La verdad era que las imágenes impresionaban, y de todas ellas, la que más le ponía los pelos de punta era la de la que ilustraba la cubierta del libro. El dibujo reproducía a un ser escasamente iluminado, de largas y delgadas extremidades, y con sus manos cruzadas sobre el pecho. La figura reposaba en el interior de una caja de madera muy recargada de tallas y grabados. Lo más impresionante eran sus ojos. Aquel par de brasas se clavaban en tu mirada y no te abandonaban pusieras el dibujo en la posición en la que lo pusieras. Quizás fuese porque los colores de la lámina eran predominantemente grises y aquel par de ojos estaban pintados con un rojo fuego vivísimo, pero lo cierto era que cortaban la respiración.
–Mira, Pablo –Carlos abrió el libro buscando una página concreta, y siguiendo con su dedo el título de uno de los capítulos, leyó– debilidades del vampiro y cómo acabar con él.
Pablo se sentó al lado de su amigo, sobre el edredón en el que se representaba el momento en el que la Estrella de la Muerte era destruida y se colapsaba en una fulgurante explosión, y aguardó a que le contase aquello que quería que escuchase.
–A los vampiros no les gusta el ajo, ni la luz del sol...
–Hombre, a Rodrigo no le gusta mucho el ajo... pero a mí tampoco... y lo de la luz del sol... ya sabes que mi hermano viene con nosotros a la playa.
–Bueno, bueno, eso es porque el contagio está todavía en su fase inicial. Yo creo que no debemos desviarnos de la prueba principal, esas mordeduras... Hummmmm, el ajo... se me está ocurriendo un plan, a ver qué te parece.
Cuando Pablo salió de la casa de Carlos, lo hizo con la firme determinación de combatir a aquel vampiro que se atrevía a atacar a Rodrigo. No estaba dispuesto a consentir que ningún chupasangres de tres al cuarto masticase ni poco ni mucho a su hermano menor.

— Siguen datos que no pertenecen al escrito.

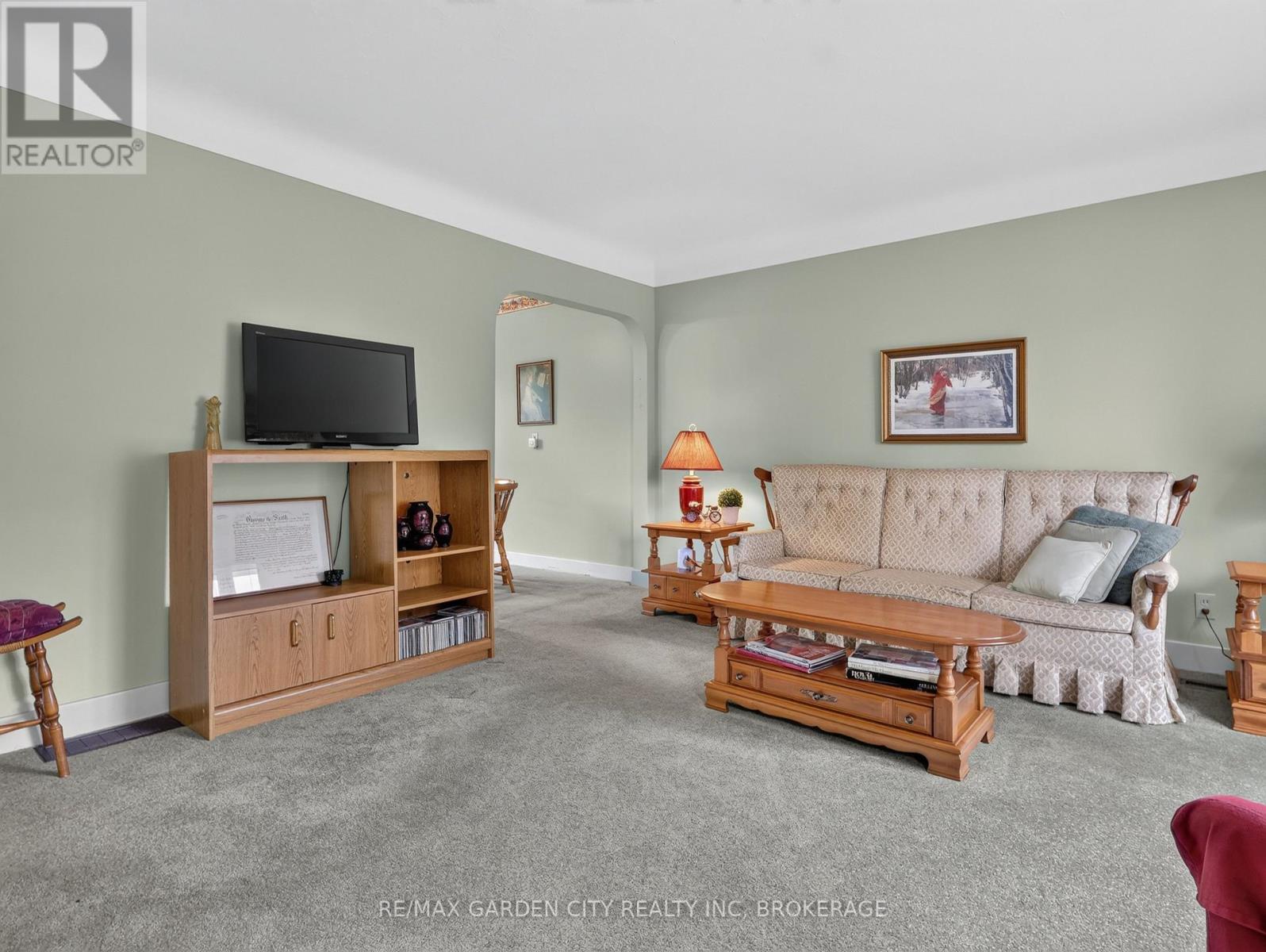 94 Jacobson Avenue, St. Catharines, Ontario  L2T 3A3 - Photo 3 - X13862500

El plan de Carlos parecía además algo muy sencillo de ejecutar y era aparentemente inocuo para la salud de todos, excepto la del vampiro, así que decidió que lo pondría en práctica esa misma noche. Carlos le había dicho que no tenían tiempo que perder si querían llegar a tiempo de salvar a su hermano.
Pablo se comprometió en informar a su amigo al día siguiente de los resultados obtenidos.
Cuando volvieron a salir al jardín, Rodrigo ya les estaba buscando.